Organizations wishing to create policies to decrease workplace violence and create safe work environments can follow a five-step process that MHA helped create, according to a an article from MHA’s Vice President of Clinical Affairs Patricia Noga, R.N., PhD, which has been published in the recent issue of
Policy, Politics, & Nursing Practice.
“All health systems, institutions, and organizations can create environments that are safe, positive, humane, and respectful of the rights, responsibilities, needs, and contributions of patients, their families, nurses, and all health professionals,” Noga writes in the article entitled Developing Statewide Violence Prevention Programs in Health Care: An Exemplar From Massachusetts.

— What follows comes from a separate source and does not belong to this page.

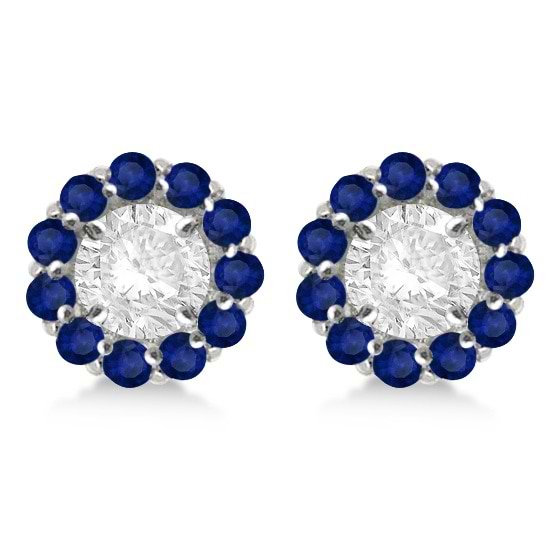 Round Blue Sapphire Earring Jackets 5mm Studs 14K White Gold (1.08ct)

Noga lays out the specific actions organizations can take within these five broad steps: 1) identify the issue and set organizational priority; 2) involve and connect stakeholders to form a workgroup; 3) mobilize teams, take action, gather data, and share information; 4) create evidence-based guidelines and disseminate to hospitals; and 5) collect data and share results.
Throughout the process that Noga details, MHA created a Healthcare Safety & Violence Prevention Workgroup, which eventually developed and deployed a comprehensive survey to membership. That survey in turn informed the work of MHA and its stakeholders. MHA also create a Promoting Employee Wellbeing Committee that in turn created the Caring for the Caregiver initiative.
“This work to reduce workplace violence has evolved over several years through the combined efforts of committed professionals representing many disciplines and many hospitals, health systems, and stakeholders across all geographic regions of Massachusetts,” Noga writes. “These working groups provided leadership in identifying education and training tools that could be shared to help employees manage aggressive behavior(s) in patients, visitors, and others within a facility.”